Challenges in IV Administration of Immune Checkpoint Inhibitors and Interest in SubQ

Challenges in IV Administration and Interest in SubQ

IV administration of immune checkpoint inhibitors presents significant operational challenges for oncology practices. As cancer diagnoses increase and patients live longer, requiring sequential treatments, infusion units face mounting constraints, including chair bottlenecks, complex scheduling around laboratory tests and imaging, safety requirements for acute reactions, line management, and medication stability concerns. These operational inefficiencies affect both practice workflow and pharmacy operations, creating systemwide challenges that limit patient access and throughput.

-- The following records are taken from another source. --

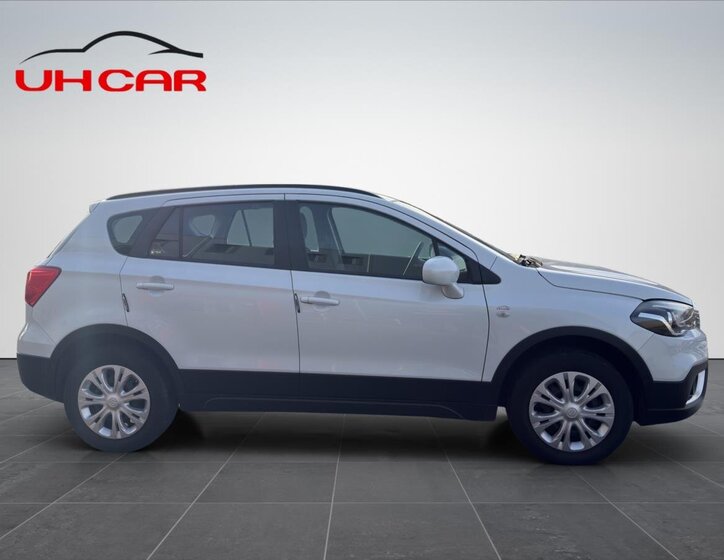 Suzuki SX4 S-Cross SUV / Terénní 1,4 l 95 kw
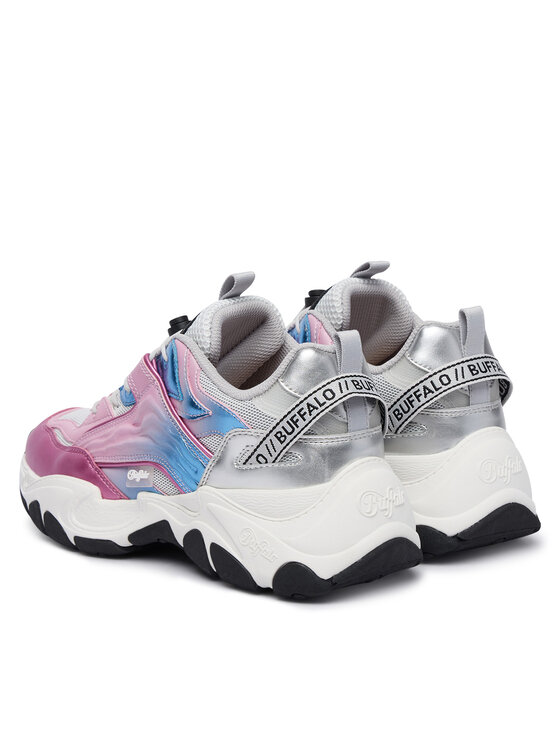 Buffalo Buffalo Sneakers Pyra One 1636727 Rosa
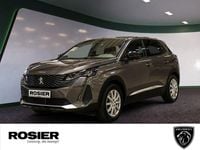 Gebraucht Peugeot 3008 Allure 131 PS (96 kW) 2024 Grau / platiniumgrau (metallic) SUV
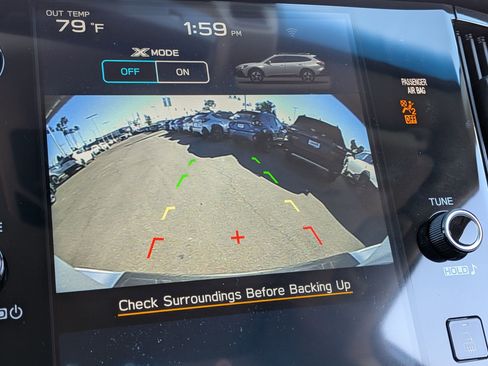 Certified 2022 Subaru Outback Premium image 20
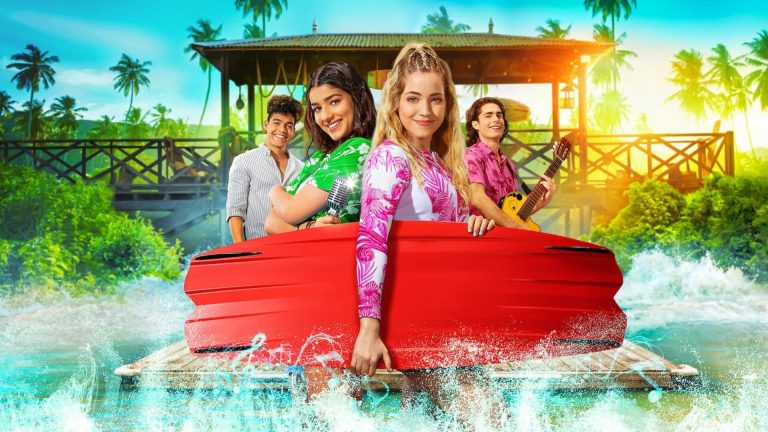 Cielo Grande es una interesante propuesta juvenil de Netflix filmada en el Delta argentino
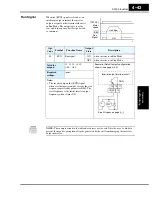 Предварительный просмотр 181 страницы Hitachi SJ300 Series Instruction Manual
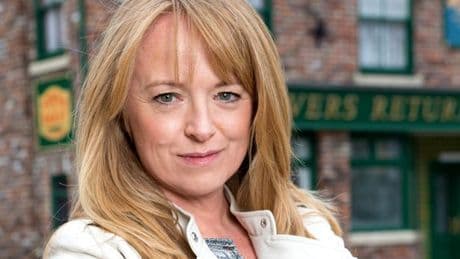 Sally Ann Matthews' shock after DNA test exposed she was related to Corrie legend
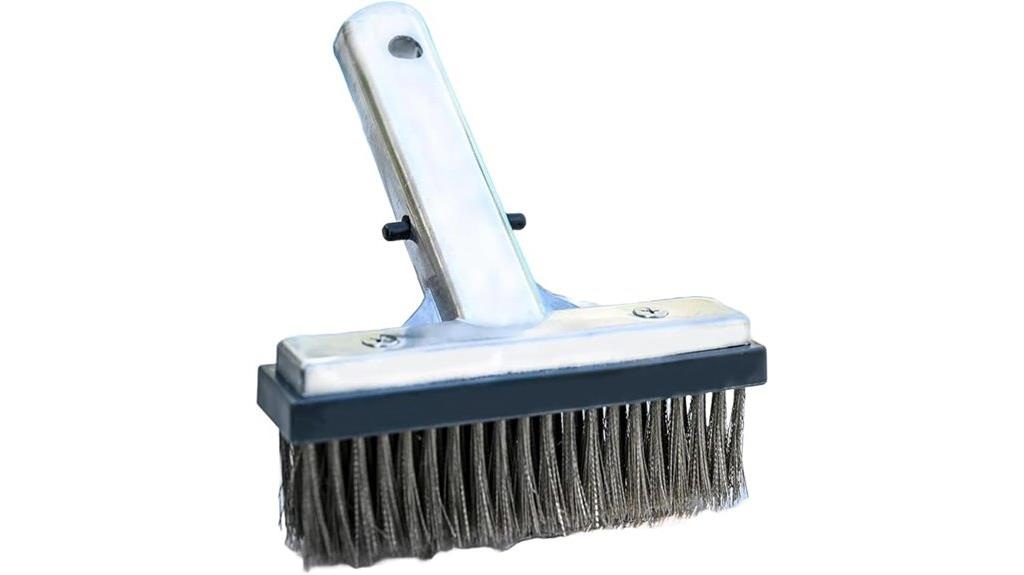 durable pool cleaning brush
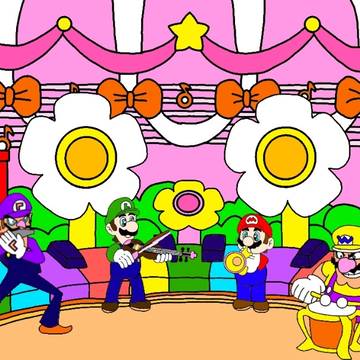 マリオシリーズピクミンシリーズニンテンドーバージョン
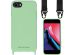 iMoshion Coque couleur cordon - sangle en nylon iPhone SE (2022 / 2020)/8/7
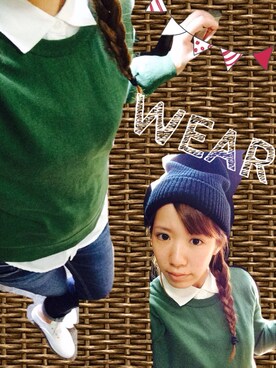 yocoさんのコーディネート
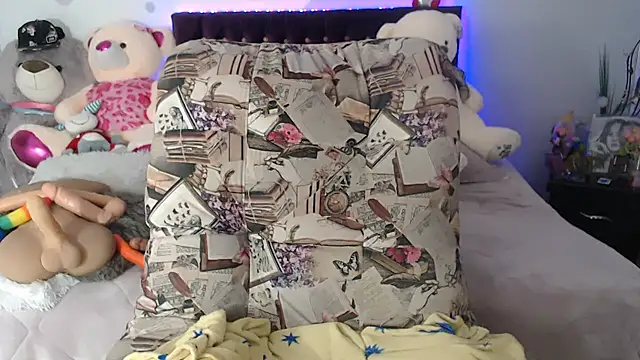 Lorenahot 06 online show from 02-26-25, 06:32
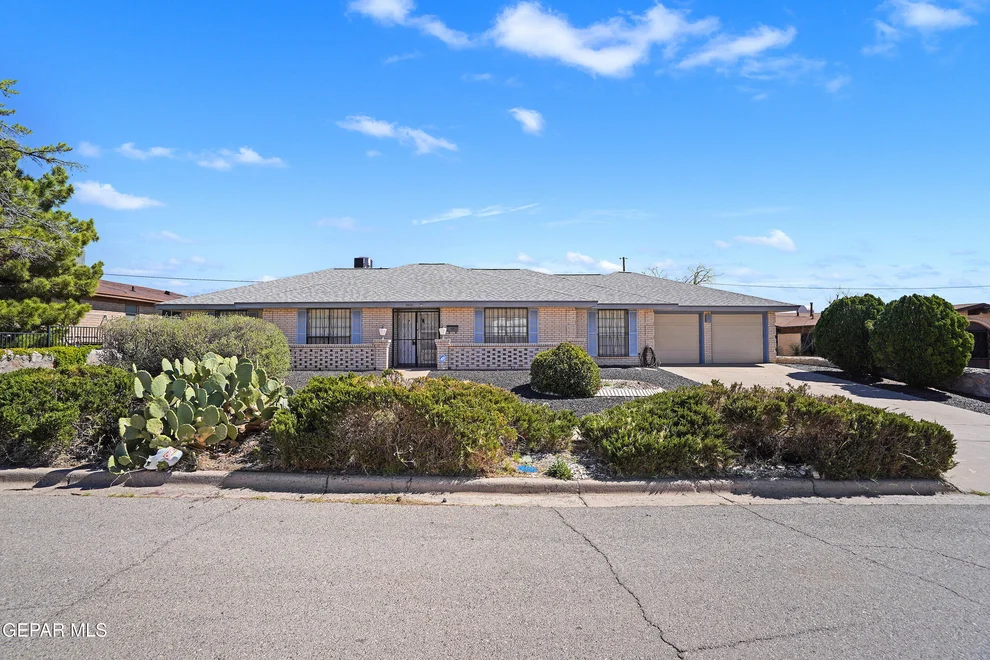 Unit for sale at 6608 BYRON Street, El Paso, TX 79904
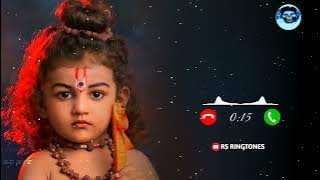 ❣️Karuna Karo Kasht Haro Gyan Do Bhagwan Ringtone -- Bolenath🙏Bhakti Ringtone 🥀 Mahadev Ringtone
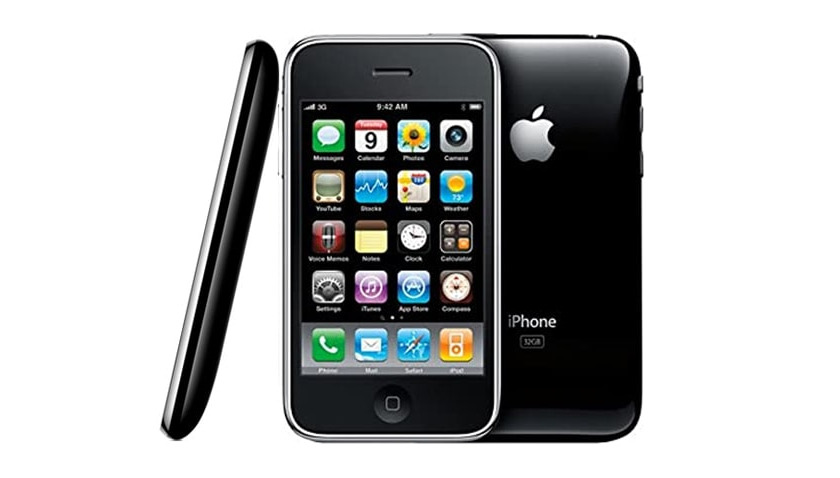 iPhone 3GS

From the patient perspective, IV checkpoint inhibitor therapy imposes substantial time toxicity. Patients face multiple multihour clinic visits, requiring coordination across outpatient areas, laboratory facilities, and infusion centers. Travel logistics prove particularly burdensome for those with limited venous access or those requiring caregiver accompaniment. Over extended treatment courses spanning 1 to 2 years, venous access deteriorates significantly, often necessitating port placement. However, even ports require painful needle access through the septum every 2 weeks, adding to patient discomfort despite topical anesthetics.

The interest in subcutaneous formulations stems from their potential to address these multifaceted challenges. Subcutaneous administration eliminates the need for IV access, particularly beneficial for patients with difficult venous access or movement disorders. From an operational standpoint, subcutaneous injections can potentially be administered in examination rooms or dedicated injection bays rather than traditional infusion centers, streamlining workflow. The medication may come premixed in vials for chairside withdrawal and administration, eliminating pharmacy compounding steps. Some institutions are exploring home infusion services for appropriate patients, though this requires careful consideration of resource availability and economic implications for practices without established home infusion capabilities.